インプレッション
2017 ワークスチューニンググループ合同試乗会(無限編)
2017年11月22日 08:50
3タイプの個性を揃えたフィット
「無限(M-TEC)」「NISMO(ニッサン・モータースポーツ・インターナショナル)」「TRD(トヨタテクノクラフト)」「STI(スバルテクニカインターナショナル)」という4社の合同グループ活動である「ワークスチューニンググループ」。無限は3タイプの「フィット」と「ヴェゼル」のデモカーを持ち込んだ。
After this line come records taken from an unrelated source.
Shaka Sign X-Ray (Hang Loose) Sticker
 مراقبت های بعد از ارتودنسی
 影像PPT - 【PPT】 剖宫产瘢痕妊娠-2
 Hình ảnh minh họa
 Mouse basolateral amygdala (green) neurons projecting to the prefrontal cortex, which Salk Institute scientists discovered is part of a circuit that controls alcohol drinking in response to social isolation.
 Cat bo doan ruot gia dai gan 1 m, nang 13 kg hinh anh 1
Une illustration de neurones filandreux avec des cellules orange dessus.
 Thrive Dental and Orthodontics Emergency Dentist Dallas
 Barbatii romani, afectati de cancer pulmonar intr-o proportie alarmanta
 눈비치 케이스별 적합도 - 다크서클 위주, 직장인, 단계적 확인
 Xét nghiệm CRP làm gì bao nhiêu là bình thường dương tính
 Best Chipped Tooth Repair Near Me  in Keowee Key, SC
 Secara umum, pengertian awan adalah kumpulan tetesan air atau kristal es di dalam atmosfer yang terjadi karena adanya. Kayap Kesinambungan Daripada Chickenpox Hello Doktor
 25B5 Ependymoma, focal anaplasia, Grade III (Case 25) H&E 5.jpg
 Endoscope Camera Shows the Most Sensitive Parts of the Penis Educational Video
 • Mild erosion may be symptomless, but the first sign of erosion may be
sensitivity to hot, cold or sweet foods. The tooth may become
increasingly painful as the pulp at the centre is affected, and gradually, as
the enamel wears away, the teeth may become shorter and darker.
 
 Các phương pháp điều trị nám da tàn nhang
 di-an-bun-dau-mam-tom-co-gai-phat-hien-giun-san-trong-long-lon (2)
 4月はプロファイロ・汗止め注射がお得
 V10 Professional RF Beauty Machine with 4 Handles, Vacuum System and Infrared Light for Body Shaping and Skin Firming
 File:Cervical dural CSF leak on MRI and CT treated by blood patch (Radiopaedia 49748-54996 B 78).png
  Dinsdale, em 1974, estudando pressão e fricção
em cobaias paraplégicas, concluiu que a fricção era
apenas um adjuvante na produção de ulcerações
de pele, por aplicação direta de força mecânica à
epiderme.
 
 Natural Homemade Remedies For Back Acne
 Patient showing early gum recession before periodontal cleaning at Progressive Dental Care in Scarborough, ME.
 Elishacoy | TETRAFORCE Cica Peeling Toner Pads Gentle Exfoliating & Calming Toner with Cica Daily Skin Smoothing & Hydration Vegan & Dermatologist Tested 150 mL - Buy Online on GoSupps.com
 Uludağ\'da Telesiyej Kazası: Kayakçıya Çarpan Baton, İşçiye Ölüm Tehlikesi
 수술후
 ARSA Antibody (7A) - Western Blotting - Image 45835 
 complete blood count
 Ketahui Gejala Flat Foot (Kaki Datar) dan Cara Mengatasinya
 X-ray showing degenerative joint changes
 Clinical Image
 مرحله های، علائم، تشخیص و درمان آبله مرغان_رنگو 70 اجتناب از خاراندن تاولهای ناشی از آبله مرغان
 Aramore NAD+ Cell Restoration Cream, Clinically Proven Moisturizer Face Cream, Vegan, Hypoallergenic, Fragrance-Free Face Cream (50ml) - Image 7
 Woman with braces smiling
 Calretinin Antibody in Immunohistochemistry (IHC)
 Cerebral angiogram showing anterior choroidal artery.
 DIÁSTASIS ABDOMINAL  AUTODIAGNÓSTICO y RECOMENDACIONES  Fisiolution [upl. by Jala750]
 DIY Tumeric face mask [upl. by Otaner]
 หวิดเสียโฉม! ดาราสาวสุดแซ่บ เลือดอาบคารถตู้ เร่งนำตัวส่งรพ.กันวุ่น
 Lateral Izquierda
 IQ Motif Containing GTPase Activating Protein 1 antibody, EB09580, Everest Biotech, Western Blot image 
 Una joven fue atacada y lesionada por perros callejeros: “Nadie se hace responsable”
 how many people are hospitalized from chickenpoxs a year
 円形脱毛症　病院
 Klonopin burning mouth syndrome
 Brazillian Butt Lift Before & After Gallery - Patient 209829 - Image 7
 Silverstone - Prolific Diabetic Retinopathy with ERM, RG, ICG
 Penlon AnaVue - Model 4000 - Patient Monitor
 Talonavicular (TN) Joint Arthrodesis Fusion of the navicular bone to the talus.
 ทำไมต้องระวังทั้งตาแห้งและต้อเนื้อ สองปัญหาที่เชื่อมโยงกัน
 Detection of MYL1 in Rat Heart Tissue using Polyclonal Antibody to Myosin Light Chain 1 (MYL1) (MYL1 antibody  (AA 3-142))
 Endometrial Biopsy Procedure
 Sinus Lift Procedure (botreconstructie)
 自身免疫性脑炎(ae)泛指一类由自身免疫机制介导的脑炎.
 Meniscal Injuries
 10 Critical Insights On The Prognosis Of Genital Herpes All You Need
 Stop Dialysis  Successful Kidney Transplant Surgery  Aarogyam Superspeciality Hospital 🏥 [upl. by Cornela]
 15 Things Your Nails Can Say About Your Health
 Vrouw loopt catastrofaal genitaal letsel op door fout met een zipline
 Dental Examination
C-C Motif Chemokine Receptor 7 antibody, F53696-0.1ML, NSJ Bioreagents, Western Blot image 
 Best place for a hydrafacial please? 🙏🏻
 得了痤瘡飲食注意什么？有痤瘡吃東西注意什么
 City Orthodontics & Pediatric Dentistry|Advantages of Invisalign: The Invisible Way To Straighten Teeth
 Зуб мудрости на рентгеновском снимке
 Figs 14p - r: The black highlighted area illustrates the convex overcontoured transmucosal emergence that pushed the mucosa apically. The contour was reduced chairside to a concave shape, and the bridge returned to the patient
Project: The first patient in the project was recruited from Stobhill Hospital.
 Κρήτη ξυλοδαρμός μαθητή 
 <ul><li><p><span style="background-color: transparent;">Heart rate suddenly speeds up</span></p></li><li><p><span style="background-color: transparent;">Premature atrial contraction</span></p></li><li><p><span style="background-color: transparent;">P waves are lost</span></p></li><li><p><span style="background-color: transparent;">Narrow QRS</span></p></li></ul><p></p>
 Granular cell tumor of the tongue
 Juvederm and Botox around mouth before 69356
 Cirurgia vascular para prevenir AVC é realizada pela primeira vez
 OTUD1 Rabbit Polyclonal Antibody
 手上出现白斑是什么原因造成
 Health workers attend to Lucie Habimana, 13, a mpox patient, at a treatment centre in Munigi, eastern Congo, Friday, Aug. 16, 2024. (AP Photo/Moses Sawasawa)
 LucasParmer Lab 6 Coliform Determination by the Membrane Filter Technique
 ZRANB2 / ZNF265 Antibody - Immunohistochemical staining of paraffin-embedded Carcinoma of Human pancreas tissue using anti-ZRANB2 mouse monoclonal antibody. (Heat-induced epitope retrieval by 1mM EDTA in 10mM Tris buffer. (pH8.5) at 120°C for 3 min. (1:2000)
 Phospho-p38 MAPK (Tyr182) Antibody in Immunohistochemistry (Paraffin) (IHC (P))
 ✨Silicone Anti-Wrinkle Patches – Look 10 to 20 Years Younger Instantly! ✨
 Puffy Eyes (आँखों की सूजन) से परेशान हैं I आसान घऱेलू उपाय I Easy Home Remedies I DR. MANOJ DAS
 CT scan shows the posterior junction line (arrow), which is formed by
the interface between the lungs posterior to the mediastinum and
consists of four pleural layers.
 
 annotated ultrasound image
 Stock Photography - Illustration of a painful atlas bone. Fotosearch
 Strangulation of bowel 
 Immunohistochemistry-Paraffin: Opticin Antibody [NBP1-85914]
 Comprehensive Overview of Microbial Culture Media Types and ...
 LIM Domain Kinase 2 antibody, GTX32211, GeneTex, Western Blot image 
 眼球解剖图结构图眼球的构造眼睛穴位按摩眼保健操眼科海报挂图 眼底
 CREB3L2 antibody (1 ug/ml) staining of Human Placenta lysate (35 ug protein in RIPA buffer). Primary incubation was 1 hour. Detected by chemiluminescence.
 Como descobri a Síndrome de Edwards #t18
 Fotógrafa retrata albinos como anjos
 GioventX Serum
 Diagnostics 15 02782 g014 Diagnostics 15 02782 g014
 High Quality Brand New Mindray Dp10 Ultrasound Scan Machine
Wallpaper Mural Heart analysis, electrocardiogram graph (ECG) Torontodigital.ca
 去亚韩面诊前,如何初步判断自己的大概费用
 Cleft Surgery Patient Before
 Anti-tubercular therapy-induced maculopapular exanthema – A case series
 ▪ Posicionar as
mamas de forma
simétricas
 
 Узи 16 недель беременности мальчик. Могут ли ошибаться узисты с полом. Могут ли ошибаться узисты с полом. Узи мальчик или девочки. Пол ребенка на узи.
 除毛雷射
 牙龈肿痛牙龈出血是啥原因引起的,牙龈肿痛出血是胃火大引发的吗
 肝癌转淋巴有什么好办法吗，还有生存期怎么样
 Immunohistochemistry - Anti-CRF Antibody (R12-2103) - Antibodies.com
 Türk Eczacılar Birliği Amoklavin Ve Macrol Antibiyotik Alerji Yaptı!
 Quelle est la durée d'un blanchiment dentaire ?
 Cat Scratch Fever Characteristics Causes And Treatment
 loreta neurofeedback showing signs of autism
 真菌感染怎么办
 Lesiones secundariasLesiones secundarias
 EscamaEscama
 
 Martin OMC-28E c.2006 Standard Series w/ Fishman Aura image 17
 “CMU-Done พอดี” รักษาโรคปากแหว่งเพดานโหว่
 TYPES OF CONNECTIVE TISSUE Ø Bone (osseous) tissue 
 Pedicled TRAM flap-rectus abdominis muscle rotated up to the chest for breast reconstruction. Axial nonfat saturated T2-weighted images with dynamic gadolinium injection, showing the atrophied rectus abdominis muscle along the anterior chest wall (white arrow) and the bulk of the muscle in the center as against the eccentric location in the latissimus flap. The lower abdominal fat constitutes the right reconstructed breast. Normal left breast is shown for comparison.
フィットオーナーにとって無限ブランドの浸透度はかなり高い。その期待にも応えるべく、無限では「アクティブスタイル」をコンセプトに、フィットに向けた各種パーツを豊富にラインアップしている。
エアロパーツだけでも3タイプという力の入れよう。「RS」およびハイブリッドを含む「S」系グレードの、純正状態でやや長めのスポーティなタイプのフロントバンパーが付くモデルには、フルバンパータイプとハーフタイプの2タイプを用意。それ以外のスタンダードタイプのフロントバンパーが付くグレードにもハーフタイプをラインアップしている。
前者の2タイプはGT車両のようなレーシーな雰囲気を狙ったというだけに、デザインテイストはかなりアグレッシブ。純正のデザインに物足りなさを覚えるユーザーにもってこいだ。一方、後者のスタンダード系に設定されるハーフタイプは、純正バンパーの雰囲気をあまり変えたくないユーザー向け。こちらは都市部で乗っても違和感のないスタイリッシュなデザインを意図している。いずれもリアはディフューザー形状となっていて、GT車両のようなLEDのリアフォグランプも用意されている。
また、直近のマイナーチェンジでボディ剛性の向上などベース車に変更があったことに合わせて、関連するパーツのチューニングを見直している。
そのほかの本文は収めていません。